La section rythmique a toujours été un des points fort de la formation et ce soir n’a pas fait exception à la règle. La petite souris m’a dit que ce soir il y avait eu de nouvelles compos qui avaient été présentées, signe d’une future sortie qui fera suite à l’EP « La Dérive » qui commence un peu à se faire vieux… Ce même petit rongeur m’a également glissé que Seb, chanteur de Catchlight, était venu pousser la chansonnette sur un titre (et l’animal qui a de grandes oreilles m’a également dit que la justesse n’avait pas été au rendez-vous sur cette petite participation, mais le contexte du one shot explique aussi cela).

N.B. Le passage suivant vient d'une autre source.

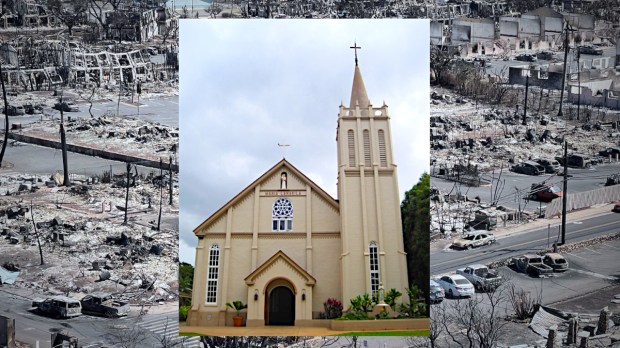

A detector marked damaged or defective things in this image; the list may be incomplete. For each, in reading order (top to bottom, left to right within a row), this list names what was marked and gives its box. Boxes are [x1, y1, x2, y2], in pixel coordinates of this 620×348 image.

burned vehicle [32, 296, 81, 318]
burned vehicle [80, 292, 130, 316]
burned car [80, 292, 130, 316]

Décidément il fallait être là tôt ce soir pour voir Vercors … tant pis pour ma gueule, next !

 

Collapse : « Sachons garder une certaine distance en toutes circonstances… »

Autres habitués de la scène locale dès qu’il s’agit de rock planant et évocateur, Collapse prend la suite de Vercors. Bizarrement, alors que sur le papier les deux formations sont plutôt proches, on ne pourrait pas faire groupes plus opposés. Là où le premier va miser sur l’intensité brute, le second va plutôt rechercher une forme de perfection musicale, y compris en concert.

Si l’on peut apprécier le côté un peu foutraque et humain des Vertacomicoriens, on ne peut qu’être admiratif devant l’engagement plein et complet de Collapse qui propose une expérience sonore et visuelle assez aboutie. Le quintette grenoblois est connu pour délivrer des prestations au cordeau et encore ce soir cela a été le cas (et pour le coup la petite souris n’est pour rien dans cette déclaration !). Le son est maîtrisé, et les auditeurs tatillons n’auront pas grand-chose à leur reprocher.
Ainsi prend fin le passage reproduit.